Die Zahl der mobilisierten Reservisten beliefe sich auf 318.000 Männer, sagte der russische Präsident vor Freiwilligen. 49.000 Mann davon seien bereits im Kampfeinsatz, alle anderen noch in Ausbildung. Der Staat unterstütze ihre Familien, hieß es.

In der vergangenen Woche hatte Moskau mitgeteilt, dass die Ende September begonnene Teilmobilmachung von 300.000 Reservisten für den Krieg in der Ukraine inzwischen abgeschlossen wurde. Rund 82.000 der Männer seien an der Front im Einsatz, die übrigen würden derzeit in Russland auf den Kampf vorbereitet. Neue Maßnahmen der Mobilmachung seien nicht geplant. Laut westlichen Regierungsquellen sind infolge der teilweisen Mobilmachung schätzungsweise 400.000 Russen aus ihrer Heimat geflohen.

Verbrecher stehen bereits im Ukraine-Krieg für Russland an der Front, nämlich im Dienste der russischen Söldnergruppe Wagner. Diese hat nach Einschätzung britischer Geheimdienste wegen erheblicher Verluste ihre strengen Einstellungskriterien deutlich abgeschwächt. "In früheren Konflikten hat sie relativ hohe Rekrutierungsstandards aufrechterhalten, und viele ihrer Söldner hatten zuvor als professionelle russische Soldaten gedient", teilte Ende Oktober das Verteidigungsministerium in London mit.

Zuletzt habe Wagner-Chef Jewgeni Prigoschin in einem Online-Beitrag aber nahegelegt, dass die Gruppe nun auch Häftlinge mit schweren Krankheiten wie zum Beispiel Hepatitis C rekrutieren würde. "Die Aufnahme von Gefangenen mit ernsthaften medizinischen Bedenken unterstreicht, dass jetzt Menge über Erfahrung oder Qualität gestellt wird", kommentierte das britische Ministerium den Beitrag.
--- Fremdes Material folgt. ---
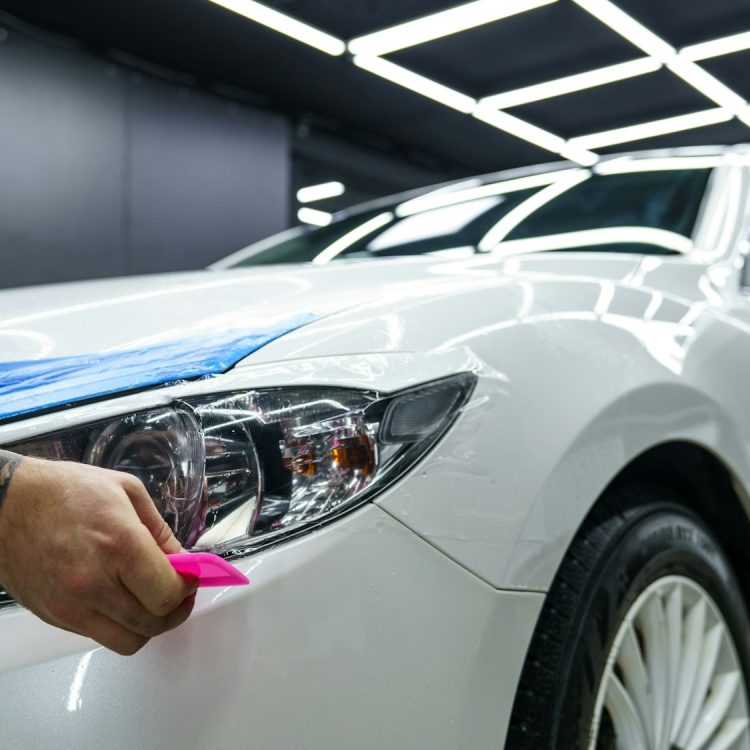 Sticker of a protective film on the headlight of a car in a car detailing studio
Der frühere russische Staatschef Dmitri Medwedew hat indes in einem Blog-Beitrag zum Tag der nationalen Einheit in Russland den Krieg gegen die Ukraine gerechtfertigt. Wie Putin in seinen Reden stellte auch er die Ukraine als Teil Russlands dar. Geflohene Russen bezeichnete er am Freitag als "feige Verräter". Der Vatikan sieht unterdessen einige positive Zeichen in Richtung eines Dialoges über Frieden in der Ukraine.
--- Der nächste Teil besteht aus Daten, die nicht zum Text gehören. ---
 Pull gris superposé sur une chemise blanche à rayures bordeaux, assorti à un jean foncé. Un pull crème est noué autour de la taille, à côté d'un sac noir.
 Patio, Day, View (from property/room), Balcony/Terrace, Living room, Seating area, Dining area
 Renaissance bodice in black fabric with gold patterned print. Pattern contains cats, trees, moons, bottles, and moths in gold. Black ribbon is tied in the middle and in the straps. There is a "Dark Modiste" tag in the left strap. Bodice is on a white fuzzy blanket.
"Den obersten Herrn der Hölle aufhalten"

"Wir brauchen keine fremden Territorien, wir haben alles im Überfluss", schrieb Medwedew am Freitag auf Telegram. "Aber es gibt Heimaterde, auf der unsere Vorfahren gelebt haben und auf der heute unsere Menschen leben. Wir geben sie an niemanden her", fügte er hinzu. Russlands Gegner in der Ukraine und im Westen seien "Teil einer sterbenden Welt", erklärte der Vizesekretär des Sicherheitsrates. Er griff das seit Kurzem in Russland kursierende Propagandamotiv auf, man habe es in der Ukraine mit teuflischen Kräften zu tun. "Ziel ist, den obersten Herrn der Hölle aufzuhalten, welchen Namen er auch annimmt – Satan, Luzifer oder Iblis", schrieb er.

In einer Rede zum Tag der Einheit des Volkes bezeichnete er den Angriff auf die Ukraine als "heiligen Kampf gegen Satan". Russland sei fähig, seine Feinde in die Feuer der Gehenna zu schicken, sagte Medwedew, der von 2008 bis 2012 russischer Präsident war, bevor er mit Putin die Rollen tauschte und bis 2020 als Ministerpräsident fungierte. Er nutzte dabei einen hebräischen Ausdruck für Hölle. "Deshalb ist unsere Sache gerecht", schrieb er in Anlehnung an ein Zitat, mit dem die Sowjetunion 1941 zur Abwehr des deutschen Überfalls aufgerufen hatte. Seit der Entsendung russischer Truppen in die Ukraine veröffentlicht Medwedew in den sozialen Medien zunehmend anti-westliche Beiträge.

Im Online-Dienst Telegram bezeichnete Medwedew aus Russland geflohene Bürger am Freitag als "feige Verräter". "Feige Verräter und gierige Überläufer sind in ferne Länder geflohen – mögen ihre Gebeine in der Fremde verrotten", schrieb der ehemalige Präsident.